网络抓取后无法从字典中检索值

Question

I was hoping people on here would be able to answer what I believe to be a simple question.我希望这里的人能够回答我认为是一个简单的问题。 I'm a complete newbie and have been attempting to create an image webscraper from the site Archdaily.我是一个完全的新手，一直在尝试从网站 Archdaily 创建一个图像网络爬虫。 Below is my code so far after numerous attempts to debug it:经过多次调试后，下面是我的代码：

#### - Webscraping 0.1 alpha -
#### - Archdaily - 

import requests
from bs4 import BeautifulSoup

# Enter the URL of the webpage you want to download the images from
page = 'https://www.archdaily.com/63267/ad-classics-house-vi-peter-eisenman/5037e0ec28ba0d599b000190-ad-classics-house-vi-peter-eisenman-image'

# Returns the webpage source code under page_doc
result = requests.get(page)
page_doc = result.content

# Returns the source code as BeautifulSoup object, as nested data structure
soup = BeautifulSoup(page_doc, 'html.parser')
img = soup.find('div', class_='afd-gal-items')
img_list = img.attrs['data-images']
for k, v in img_list():
    if k == 'url_large':
        print(v)

These elements here:这些元素在这里：

img = soup.find('div', class_='afd-gal-items')
img_list = img.attrs['data-images']

Attempts to isolate the data-images attribute, shown here:尝试隔离 data-images 属性，如下所示：

My github upload of this portion, very long 我github上传了这部分，很长

As you can see, or maybe I'm completely wrong here, my attempts to call the 'url_large' values from this final dictionary list comes to a TypeError, shown below:如您所见，或者我在这里完全错了，我尝试从此最终字典列表中调用“url_large”值时出现了 TypeError，如下所示：

Traceback (most recent call last):
  File "D:/Python/Programs/Webscraper/Webscraping v0.2alpha.py", line 23, in <module>
    for k, v in img_list():
TypeError: 'str' object is not callable

I believe my error lies in the resulting isolation of 'data-images', which to me looks like a dict within a list, as they're wrapped by brackets and curly braces.我认为我的错误在于由此产生的“数据图像”隔离，对我来说它看起来像列表中的字典，因为它们被方括号和大括号括起来。 I'm completely out of my element here because I basically jumped into this project blind (haven't even read past chapter 4 of Guttag's book yet).我在这里完全不适应，因为我基本上是盲目地进入这个项目的（甚至还没有读过 Guttag 的书的第 4 章）。

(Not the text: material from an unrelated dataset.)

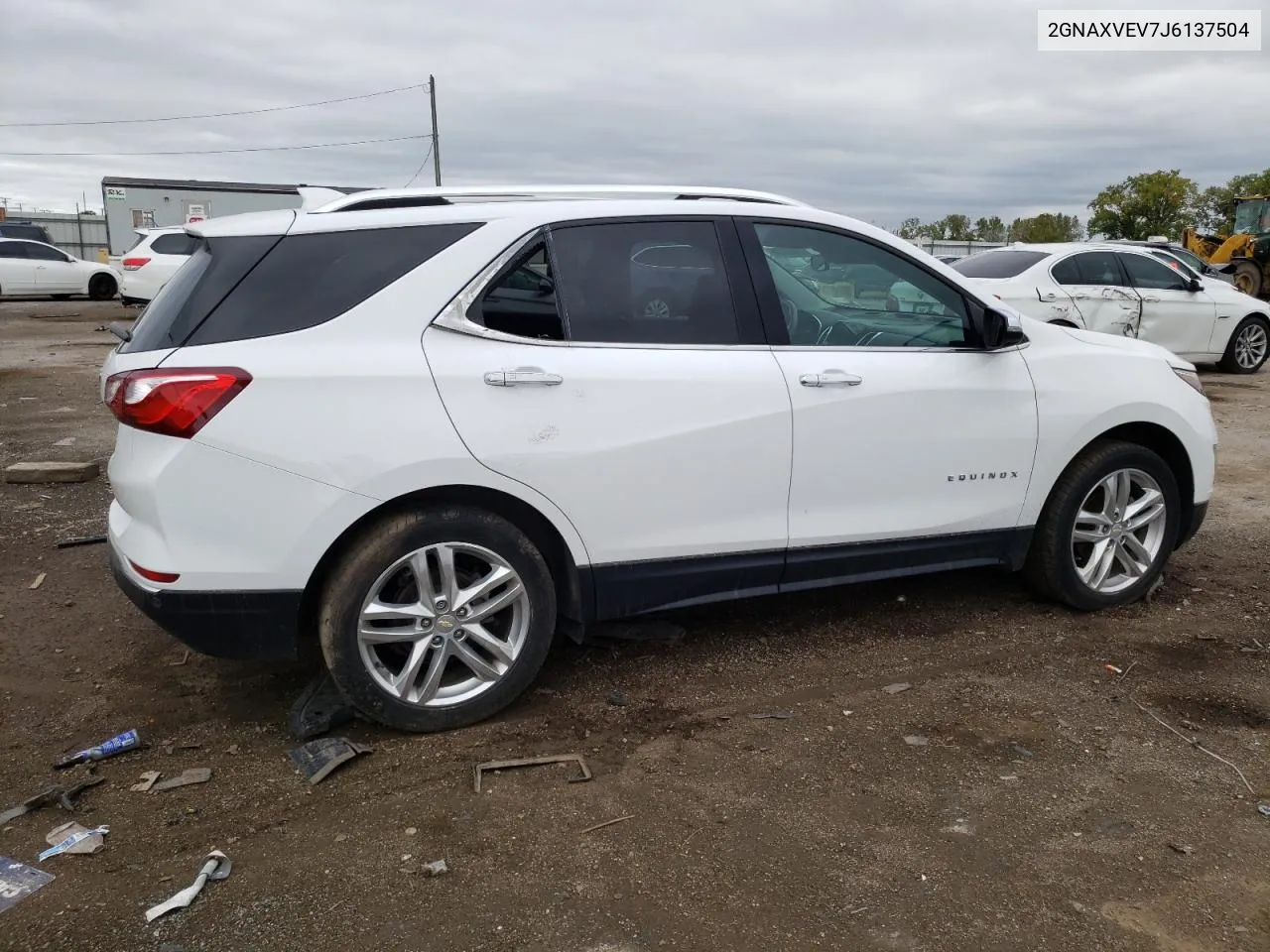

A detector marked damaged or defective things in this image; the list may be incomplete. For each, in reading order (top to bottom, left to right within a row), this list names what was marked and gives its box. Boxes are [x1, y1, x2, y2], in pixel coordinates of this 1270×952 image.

I also looked everywhere for ideas and tried to mimic what I found.我也到处寻找想法，并试图模仿我发现的东西。 I've found solutions others have offered previously to change the data to JSON data, so I found the code below:我找到了其他人之前提供的将数据更改为 JSON 数据的解决方案，因此我找到了以下代码：

jsonData = json.loads(img.attrs['data-images'])
print(jsonData['url_large'])

But that was a bust, shown here:但这是一个半身像，如下所示：

Traceback (most recent call last):
  File "D:/Python/Programs/Webscraper/Webscraping v0.2alpha.py", line 29, in <module>
    print(jsonData['url_large'])
TypeError: list indices must be integers or slices, not str

There is a step I'm missing here in changing these string values, but I'm not sure where I could change them.在更改这些字符串值时我缺少一个步骤，但我不确定在哪里可以更改它们。 I'm hoping someone can help me resolve this issue, thanks!希望有人能帮我解决这个问题，谢谢！

Answer 1

It's all about the types.这都是关于类型的。

img_list is actually not a list, but a string. img_list其实不是一个列表，而是一个字符串。 You try to call it by img_list() which results in an error.您尝试通过img_list()调用它，这会导致错误。

You had the right idea of turning it into a dictionary using json.loads .您有使用json.loads将其变成字典的正确想法。 The error here is pretty straight forward - jsonData is a list, not a dictionary.这里的错误非常简单jsonData是一个列表，而不是字典。 You have more than one image.你有不止一张图片。

You can loop through the list.您可以遍历列表。 Each item in the list is a dictionary, and you'll be able to find the url_large attribute in each dictionary in the list:列表中的每个项目都是一个字典，您将能够在列表中的每个字典中找到url_large属性：

images_json = img.attrs['data-images']
for image_properties in json.loads(images_json):
    print(image_properties['url_large'])

Answer 2

@infinity & @simic0de are both right, but I wanted to more explicitly address what I see in your code as well. @infinity 和@simic0de 都是对的，但我也想更明确地说明我在您的代码中看到的内容。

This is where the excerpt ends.